**Work task**
When you write out the listing below, keep each word exactly as it stands and drop the pictures.

**Supplied information**
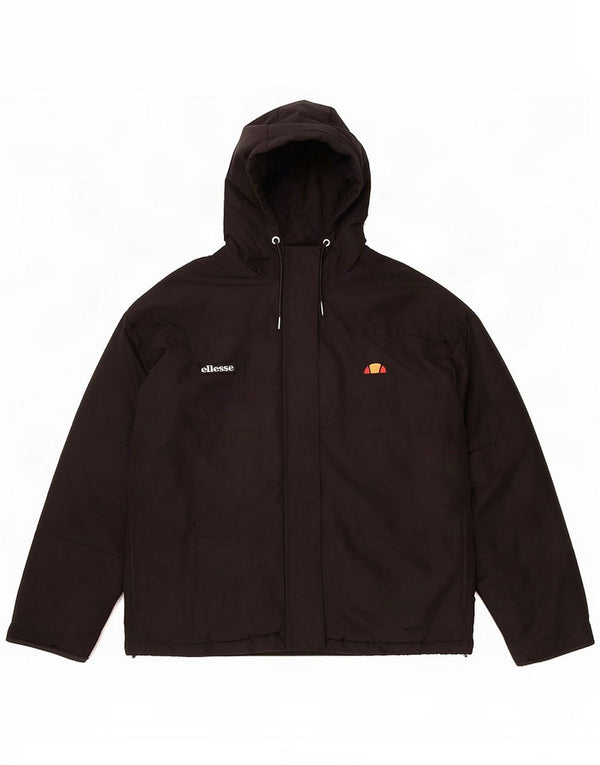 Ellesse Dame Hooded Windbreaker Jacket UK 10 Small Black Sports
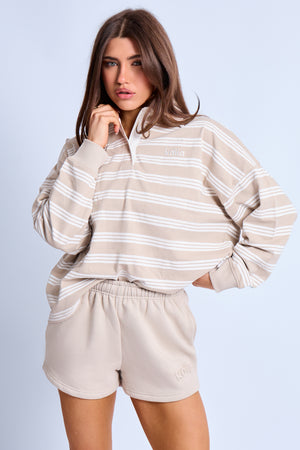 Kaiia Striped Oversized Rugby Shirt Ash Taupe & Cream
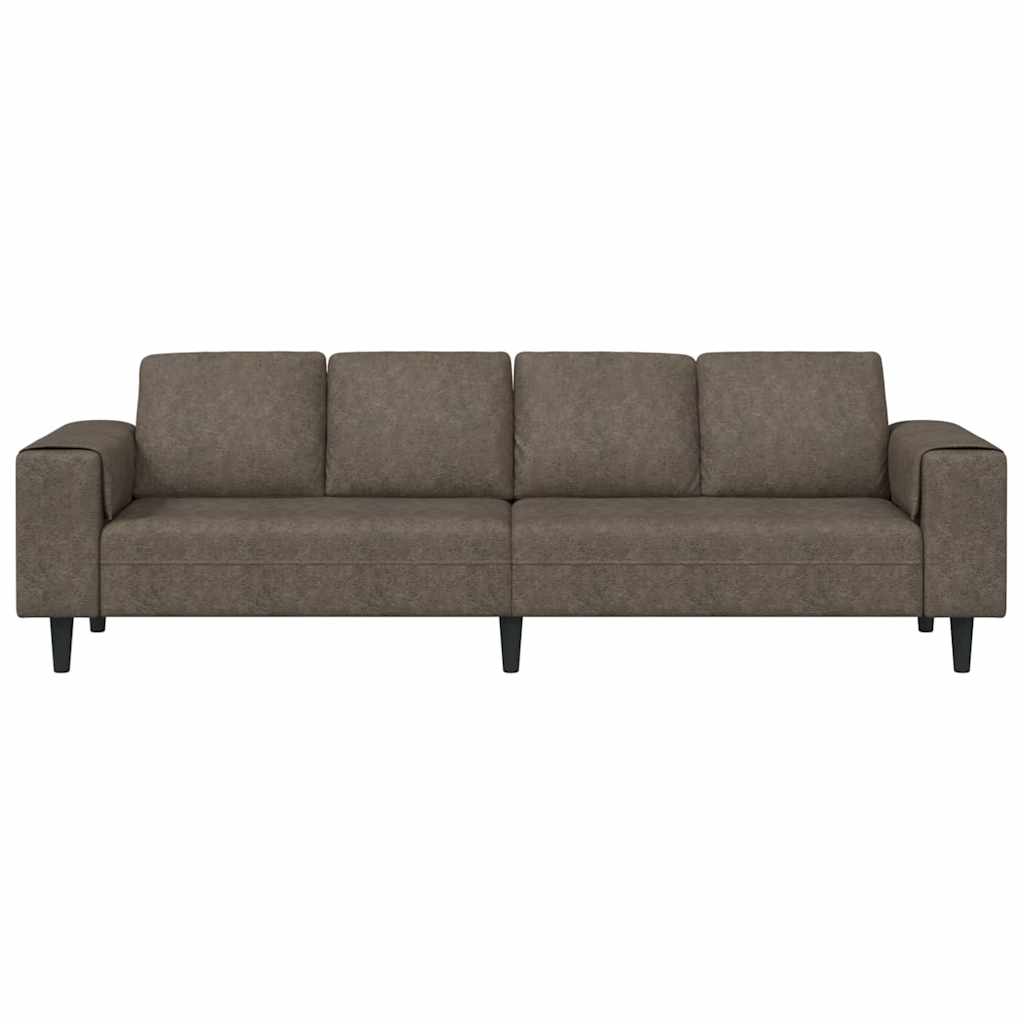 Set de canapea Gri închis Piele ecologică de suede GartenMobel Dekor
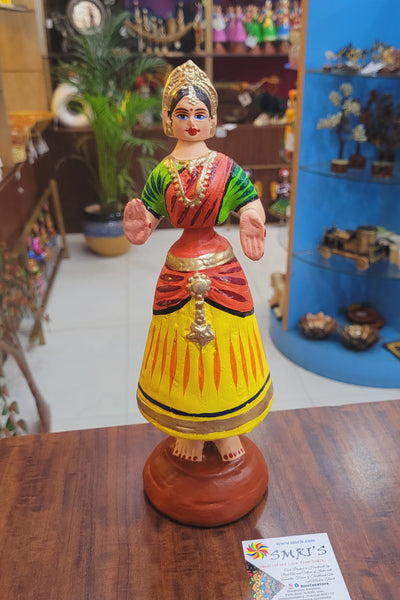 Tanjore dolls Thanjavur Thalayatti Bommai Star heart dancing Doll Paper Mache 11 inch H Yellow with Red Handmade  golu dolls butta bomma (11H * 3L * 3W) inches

**Task response**
 Ellesse Dame Hooded Windbreaker Jacket UK 10 Small Black Sports
 Kaiia Striped Oversized Rugby Shirt Ash Taupe & Cream
 Set de canapea Gri închis Piele ecologică de suede GartenMobel Dekor
 Tanjore dolls Thanjavur Thalayatti Bommai Star heart dancing Doll Paper Mache 11 inch H Yellow with Red Handmade  golu dolls butta bomma (11H * 3L * 3W) inches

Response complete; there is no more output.